There is no question that the Trump Administration has repeatedly bullied Mexico and that Mexico has implemented policies that got Trump off its back. But this latest role reversal, with Mexico apparently demanding that Cienfuegos be returned is both unusual and jarring.
There is a lot to unpack here and reasons for concern by the citizens of both our countries:
- Just a few weeks ago US prosecutors believed they had enough evidence to indict and arrest the former Defense Minister. That should be a matter of concern to both countries. If Cienfuegos is guilty, then we were running our counterdrug efforts with an institution whose leader was in cahoots with the traffickers. This should outrage us all because of how many lives have been lost in both countries to the drug war and to drug consumption.

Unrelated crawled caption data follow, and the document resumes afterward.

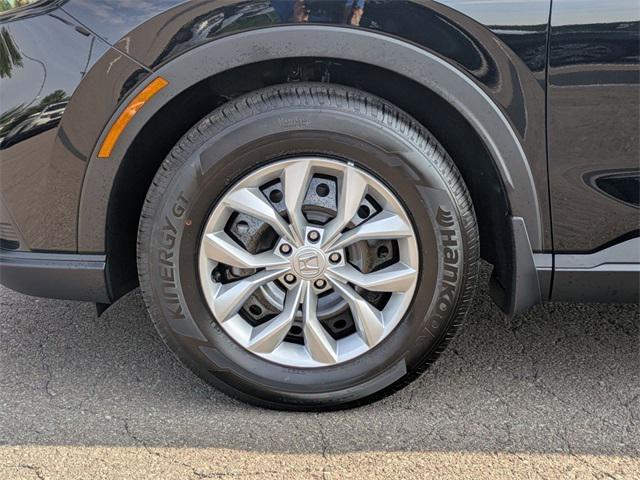 new 2026 Honda CR-V car, priced at $31,216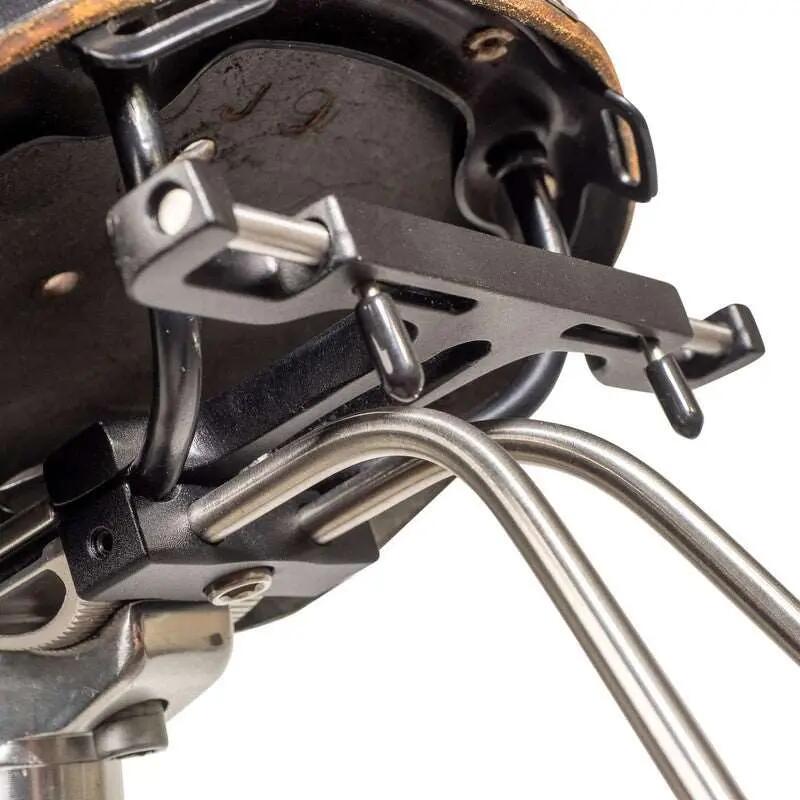 Rear luggage rack Carradice Bagman Expedition 5/8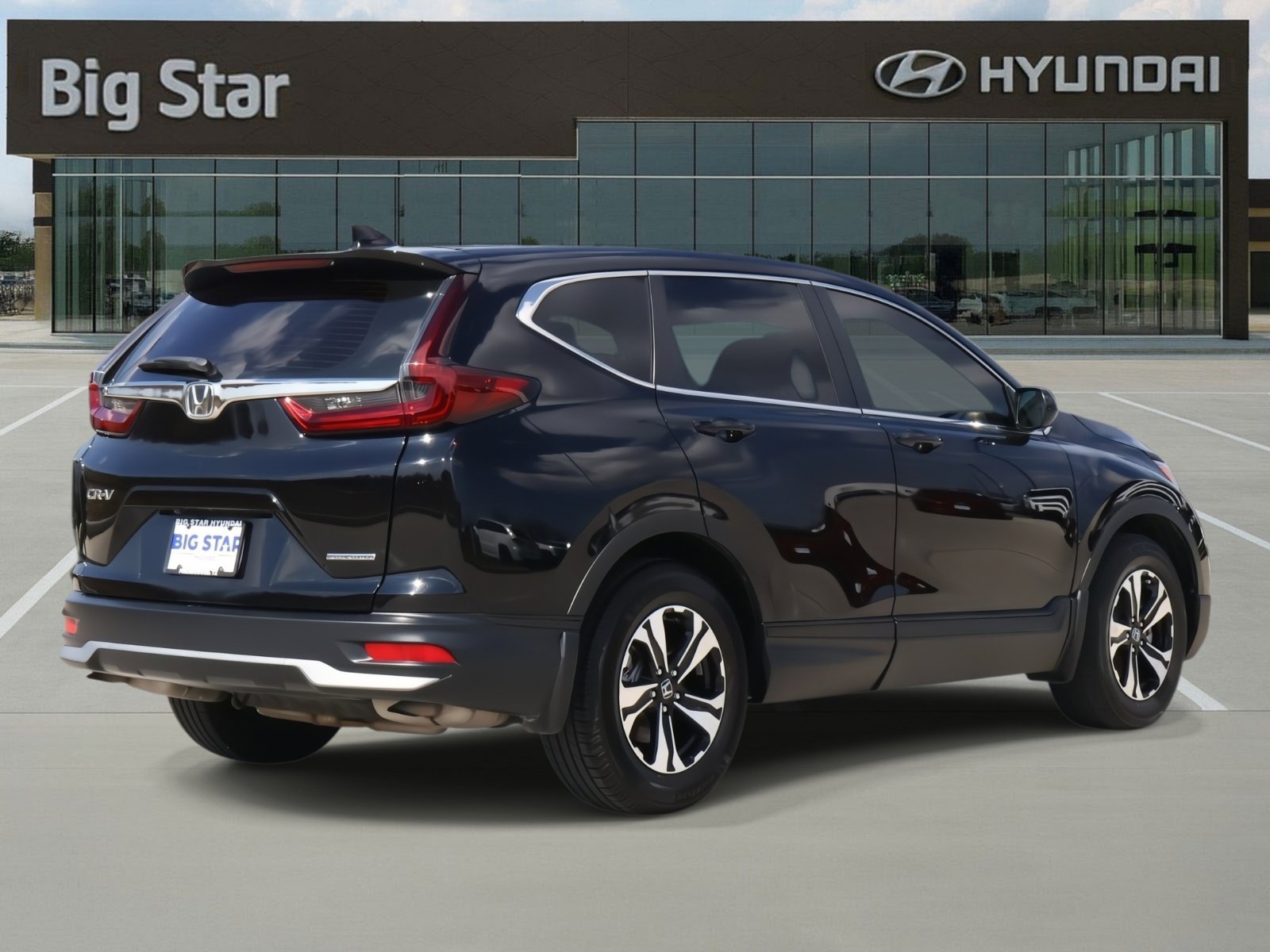 Used 2021 Honda CR-V Special Edition image 4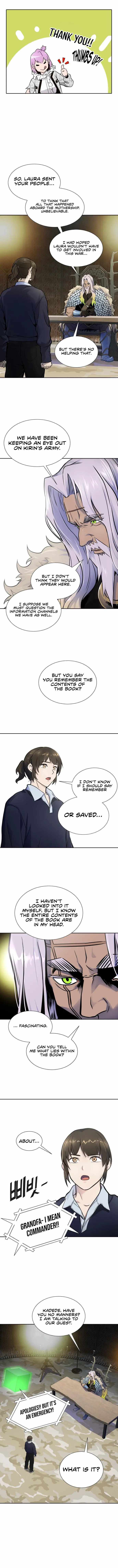 Tower of God Chapter 591 image 22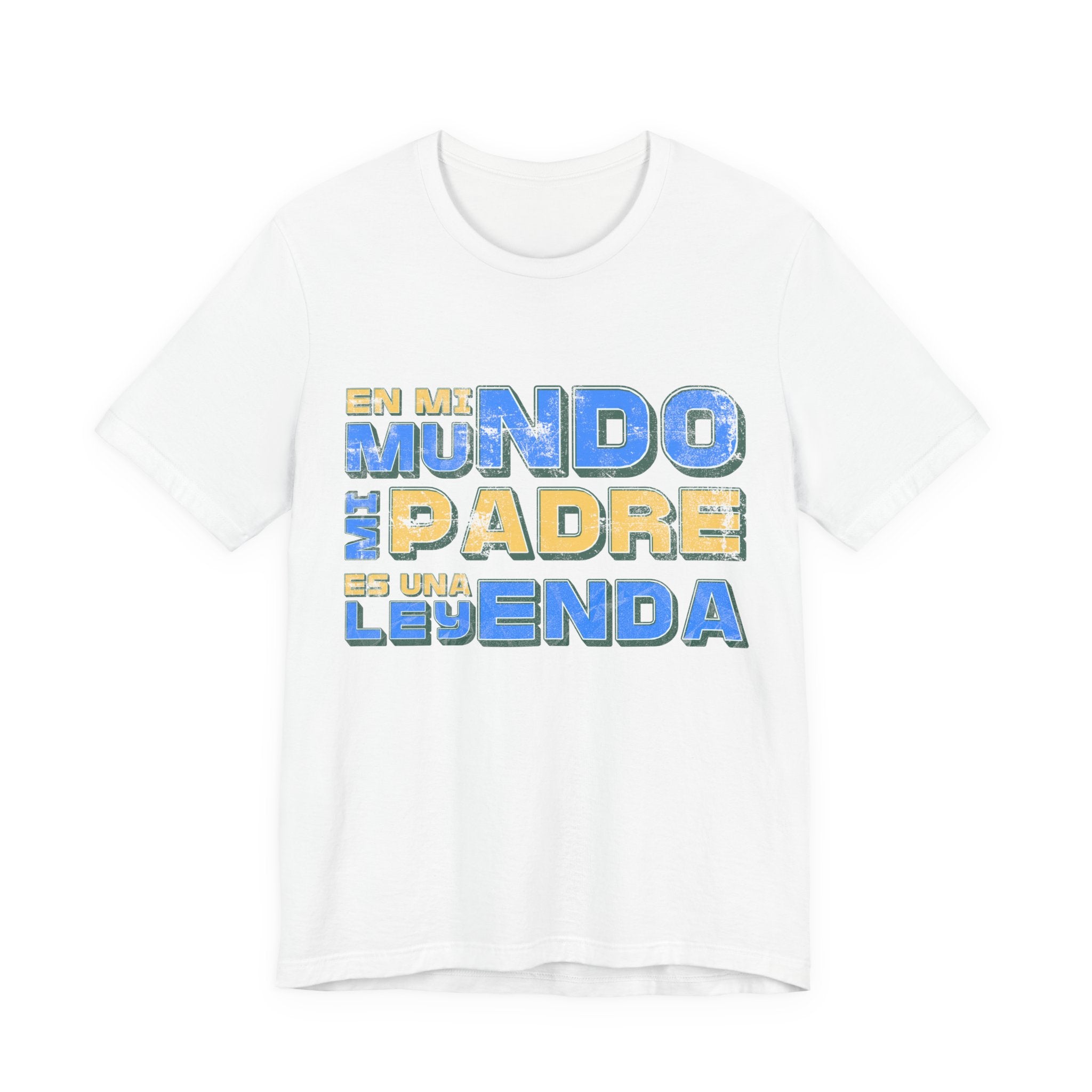 World’s Best Father Legend T‑Shirt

- How is it possible that Cienfuegos’s case was important enough for US prosecutors to avoid extradition and go straight to detaining the General as he passed through a US airport one month, and then unimportant enough to drop the charges the next. Clearly, pressure was exerted on the US justice system. It is reported that none other than US Attorney General Barr made the decision to drop the charges. This is not how the U.S. justice system is supposed to work.
- What does it mean for “justice” with respect to the specific charges brought against Cienfuegos? When the case was dropped in US, it was done in such a way that Mexico “may” pursue charges against the General. In US legal documents, you always have to watch out for the word “may.” They may. They may not. It is yet to be seen if the Mexican government will attempt to prosecute Cienfuegos.
- Why did AMLO decide that the US bullying should stop here? The Mexican president described the General’s arrest as a violation of sovereignty. So, returning a General accused of drug offenses is where Mexico draws the line on national sovereignty? It wasn’t on trade; it wasn’t on the wall; it wasn’t on water; and it certainly wasn’t to help Central American migrants. It was to protect the reputation of the Mexican military.
- All of the above points to the power of the military in Mexico and the United States. The prosecution of an accused drug trafficker became a matter of the highest level of national interest. The institution of the Mexican military was not going to be undermined by the United States. And, as I mentioned in a previous column about the arrest of Cienfuegos, the US/Mexico military-to-military relationship is both relatively new and extremely important to the US military. The relationship itself is something that the US worked hard to establish and does not want undermined.
Where one chooses to pick battles says a lot about their priorities. AMLO picked drug charges against a General as his line in the sand, and the Trump Administration sent the General home in what looks like an effort to prioritize the bilateral military relationship.
The citizens of both countries have something to worry about when it comes to civil/military relations.